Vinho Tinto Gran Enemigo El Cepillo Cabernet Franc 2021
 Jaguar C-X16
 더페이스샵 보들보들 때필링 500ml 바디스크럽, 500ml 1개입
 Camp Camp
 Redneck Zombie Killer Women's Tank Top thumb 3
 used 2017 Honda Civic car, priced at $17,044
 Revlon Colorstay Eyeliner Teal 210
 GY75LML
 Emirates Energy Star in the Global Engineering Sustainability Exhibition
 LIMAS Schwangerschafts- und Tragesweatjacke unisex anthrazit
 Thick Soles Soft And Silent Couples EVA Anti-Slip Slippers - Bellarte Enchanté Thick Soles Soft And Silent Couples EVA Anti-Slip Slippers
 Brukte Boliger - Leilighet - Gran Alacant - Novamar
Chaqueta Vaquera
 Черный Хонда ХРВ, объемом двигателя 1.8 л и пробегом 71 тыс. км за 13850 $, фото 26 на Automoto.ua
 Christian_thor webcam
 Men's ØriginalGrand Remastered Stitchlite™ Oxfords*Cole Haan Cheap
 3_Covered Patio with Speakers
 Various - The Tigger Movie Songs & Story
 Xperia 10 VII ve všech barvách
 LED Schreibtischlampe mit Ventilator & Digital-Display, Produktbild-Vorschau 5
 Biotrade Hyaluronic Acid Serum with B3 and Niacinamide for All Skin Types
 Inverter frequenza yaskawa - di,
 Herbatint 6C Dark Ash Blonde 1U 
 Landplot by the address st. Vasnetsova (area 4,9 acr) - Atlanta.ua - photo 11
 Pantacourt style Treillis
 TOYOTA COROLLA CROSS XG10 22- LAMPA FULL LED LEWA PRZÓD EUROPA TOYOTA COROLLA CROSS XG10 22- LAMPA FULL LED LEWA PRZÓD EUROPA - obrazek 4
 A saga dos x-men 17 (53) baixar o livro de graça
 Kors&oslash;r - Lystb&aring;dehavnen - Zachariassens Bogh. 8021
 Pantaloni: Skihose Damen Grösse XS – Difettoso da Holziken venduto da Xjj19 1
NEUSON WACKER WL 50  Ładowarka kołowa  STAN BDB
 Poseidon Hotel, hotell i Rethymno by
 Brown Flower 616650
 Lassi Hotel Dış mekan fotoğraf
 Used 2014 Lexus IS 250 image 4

_TASK REQUIREMENTS_. Output exactly the lines from the one with "Landplot by the" through the final line of the listing above.

_EXERCISE ANSWER_.
 Landplot by the address st. Vasnetsova (area 4,9 acr) - Atlanta.ua - photo 11
 Pantacourt style Treillis
 TOYOTA COROLLA CROSS XG10 22- LAMPA FULL LED LEWA PRZÓD EUROPA TOYOTA COROLLA CROSS XG10 22- LAMPA FULL LED LEWA PRZÓD EUROPA - obrazek 4
 A saga dos x-men 17 (53) baixar o livro de graça
 Kors&oslash;r - Lystb&aring;dehavnen - Zachariassens Bogh. 8021
 Pantaloni: Skihose Damen Grösse XS – Difettoso da Holziken venduto da Xjj19 1
NEUSON WACKER WL 50  Ładowarka kołowa  STAN BDB
 Poseidon Hotel, hotell i Rethymno by
 Brown Flower 616650
 Lassi Hotel Dış mekan fotoğraf
 Used 2014 Lexus IS 250 image 4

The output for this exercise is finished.